As I write this to you on a beautiful April morning, weather.com is telling me that the temperature will reach the 80’s in my neck of the woods today.  And if the throngs of people milling around Central Park this weekend were any indication, New Yorkers are quite happy to see sunnier skies. Spring (and dare I say summer?) is in the air!

However, for the high school senior set, Spring Fever isn’t the only thing going around. With a national decision deadline of May 1, college anxiety is hitting a crescendo for those who are still analyzing their pro/con lists. Some students might be undecided for academic or location reasons, but I’m betting that the largest cause of indecision comes down to financial aid. According to a survey by the Princeton Review, 86 percent of parents and students surveyed said that financial aid will be “very necessary” to fund college costs, and 75 percent say that the state of the economy will affect their decision to enroll at one school over another.
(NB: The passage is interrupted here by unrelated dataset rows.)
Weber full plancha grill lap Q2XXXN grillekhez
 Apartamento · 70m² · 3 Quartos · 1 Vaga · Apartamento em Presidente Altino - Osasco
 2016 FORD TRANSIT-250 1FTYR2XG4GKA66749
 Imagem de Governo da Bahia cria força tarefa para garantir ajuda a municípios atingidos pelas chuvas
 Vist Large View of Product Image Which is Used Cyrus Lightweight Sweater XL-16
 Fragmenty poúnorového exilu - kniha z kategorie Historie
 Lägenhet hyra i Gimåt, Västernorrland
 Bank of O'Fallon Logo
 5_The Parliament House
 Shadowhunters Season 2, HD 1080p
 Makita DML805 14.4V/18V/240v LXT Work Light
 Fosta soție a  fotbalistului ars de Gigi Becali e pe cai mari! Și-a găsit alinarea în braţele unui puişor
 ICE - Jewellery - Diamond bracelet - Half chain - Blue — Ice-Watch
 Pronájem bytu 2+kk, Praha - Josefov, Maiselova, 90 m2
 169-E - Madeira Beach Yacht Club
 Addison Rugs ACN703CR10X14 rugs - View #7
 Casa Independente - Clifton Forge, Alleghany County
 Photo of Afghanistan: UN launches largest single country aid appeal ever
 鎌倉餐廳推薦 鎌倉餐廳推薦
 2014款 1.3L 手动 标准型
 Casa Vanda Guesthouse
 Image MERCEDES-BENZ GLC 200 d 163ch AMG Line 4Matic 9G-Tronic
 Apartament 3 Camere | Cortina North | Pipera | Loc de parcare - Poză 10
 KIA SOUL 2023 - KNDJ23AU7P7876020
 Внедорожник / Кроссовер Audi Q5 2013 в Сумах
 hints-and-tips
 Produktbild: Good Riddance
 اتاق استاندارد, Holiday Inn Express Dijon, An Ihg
If you and your child fall into these categories — or even if you will fall into these categories in the next few years — here are three resources that I hope will help you digest the numbers a bit better:

  1. Last week, the Consumer Financial Protection Bureau released their very own “Cost Comparison Tool.” I’ve given it a whirl, and I think it’s fantastic. You start by entering the three schools you’re deciding between (say, UMass-Amherst versus Boston University versus Emerson College), after which you will see a basic sticker-price comparison. Then, click the green “enter financial aid” button — this is where you can enter all the scholarships, grants and loans you have been offered from each institution. The tool then does all the math for you, and will show you how much debt you would be taking on as well as the estimated monthly payment upon graduation.
  2. The TODAY show paired with the New York Times’ “The Choice” blog to feature a story of a student who saved herself big bucks by transferring from NYU to a local state school. You can catch that segment here, and below the video is an article containing some great tips on cutting college costs. (Hint: don’t forget about the Hope Scholarship Tax Credit!)
  3. And finally, after hearing some rumors that you can negotiate your financial aid package, I spoke to some experts to see if this is actually true. What I found is that it’s a complicated process — and you should never use the word negotiate, as college aid officers don’t want to feel like car salesmen — but in some situations, it is possible to get the college to recalculate their offering. Keep your eyes peeled for a Daily Finance article I wrote on just this subject, coming out in the next week or so! In the meantime, Mark Kantrowitz over at Finaid.org has some excellent advice you can refer to.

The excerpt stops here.